### [Your instructions]
Omitting the pictures, restate all of the entries below exactly.

### [Data supplied]
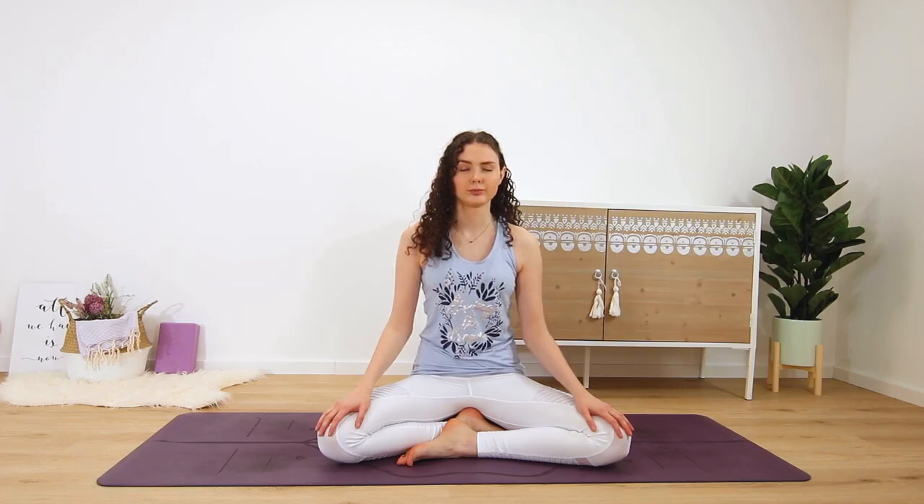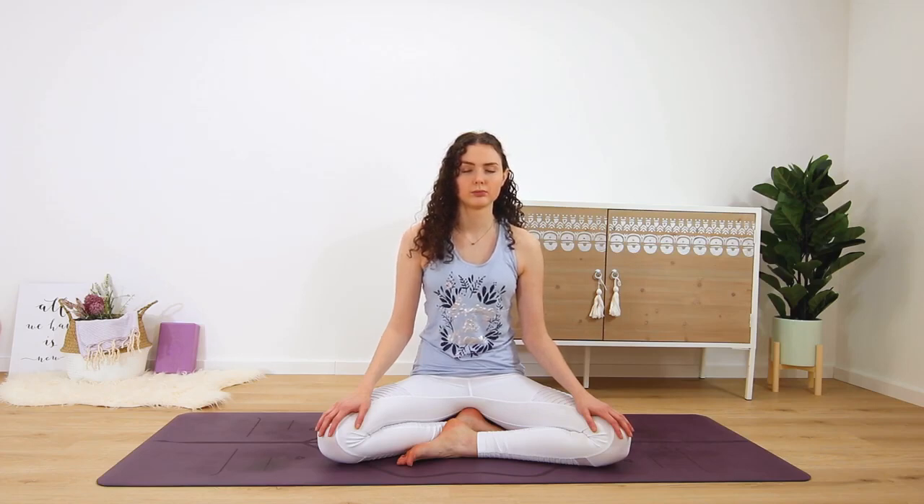Maybe take some movement to arrive in the moment of now. You can do a few neck circles, rotating the chin from your left shoulder to your right and back, or maybe some shoulder rolls, or shifting your jaw gently from side to side to release any and all tension.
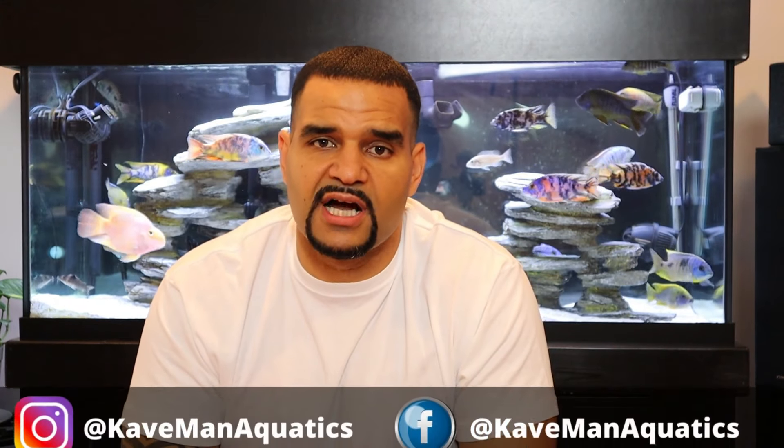In this video we're going to talk about the proper positioning of your wave maker and why one of these is way better than those silly little bubbles. Welcome back to the channel — I'm Kev, I make helpful videos on various topics in the aquarium hobby. I've helped a bunch of beginners get started, so take a look around the channel and consider subscribing so you won't miss any new content.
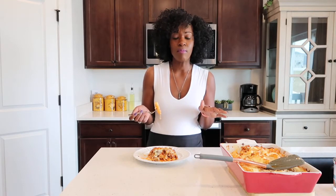This baked ziti is perfect for a weeknight when you don't want to spend a lot of time in the kitchen. Just throw this together, bake it, and call it dinner. If you guys have made it this far, thanks for watching and I'll see you guys later.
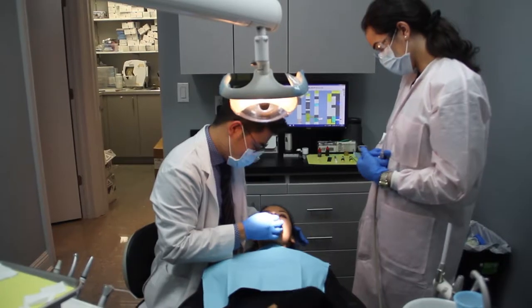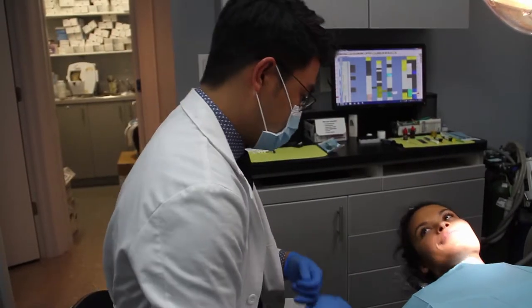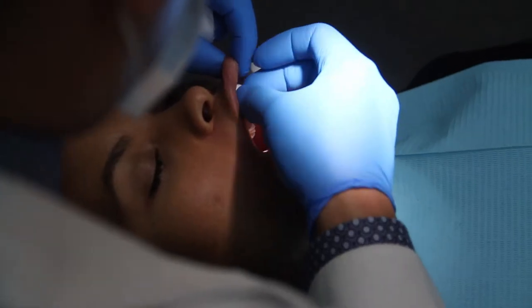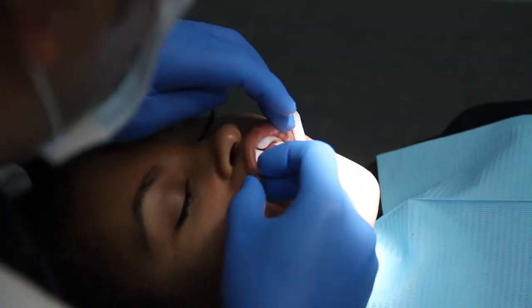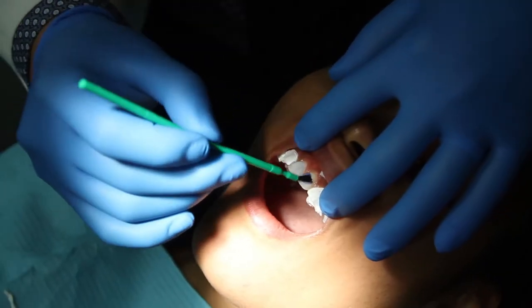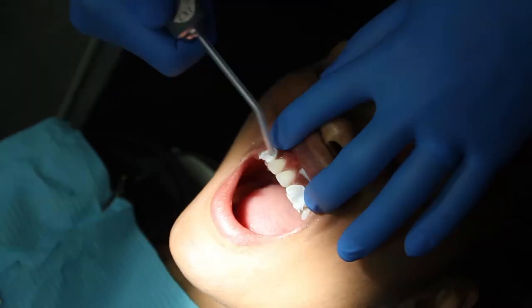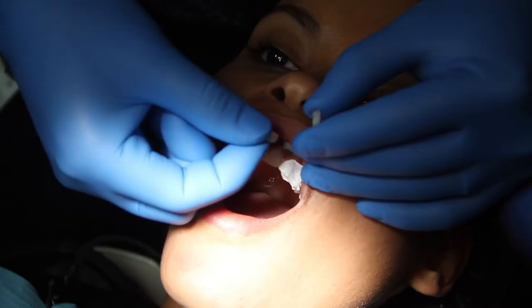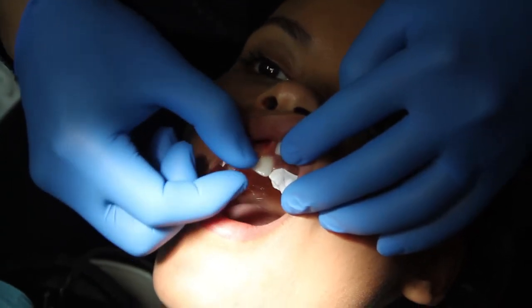Doing two veneers is actually sometimes very difficult because we have to blend in, and a lot of people don't want to shave down their teeth anymore. What we do best is to come up with a very natural look with the thinnest veneer. But when we are doing two teeth we want to give it a little character. Character is really important to give the natural look.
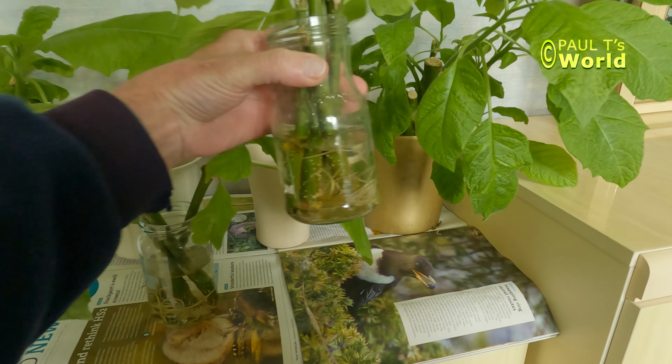But look at this — I decided to leave this one out all winter. I didn't know it was going to be this cold. I'll be very interested to hear from you if you successfully overwinter your Brugmansias in the ground, what zone you're in, and how reliable it has been for you.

### [Completed exercise]
Maybe take some movement to arrive in the moment of now. You can do a few neck circles, rotating the chin from your left shoulder to your right and back, or maybe some shoulder rolls, or shifting your jaw gently from side to side to release any and all tension.
In this video we're going to talk about the proper positioning of your wave maker and why one of these is way better than those silly little bubbles. Welcome back to the channel — I'm Kev, I make helpful videos on various topics in the aquarium hobby. I've helped a bunch of beginners get started, so take a look around the channel and consider subscribing so you won't miss any new content.
This baked ziti is perfect for a weeknight when you don't want to spend a lot of time in the kitchen. Just throw this together, bake it, and call it dinner. If you guys have made it this far, thanks for watching and I'll see you guys later.
Doing two veneers is actually sometimes very difficult because we have to blend in, and a lot of people don't want to shave down their teeth anymore. What we do best is to come up with a very natural look with the thinnest veneer. But when we are doing two teeth we want to give it a little character. Character is really important to give the natural look.
But look at this — I decided to leave this one out all winter. I didn't know it was going to be this cold. I'll be very interested to hear from you if you successfully overwinter your Brugmansias in the ground, what zone you're in, and how reliable it has been for you.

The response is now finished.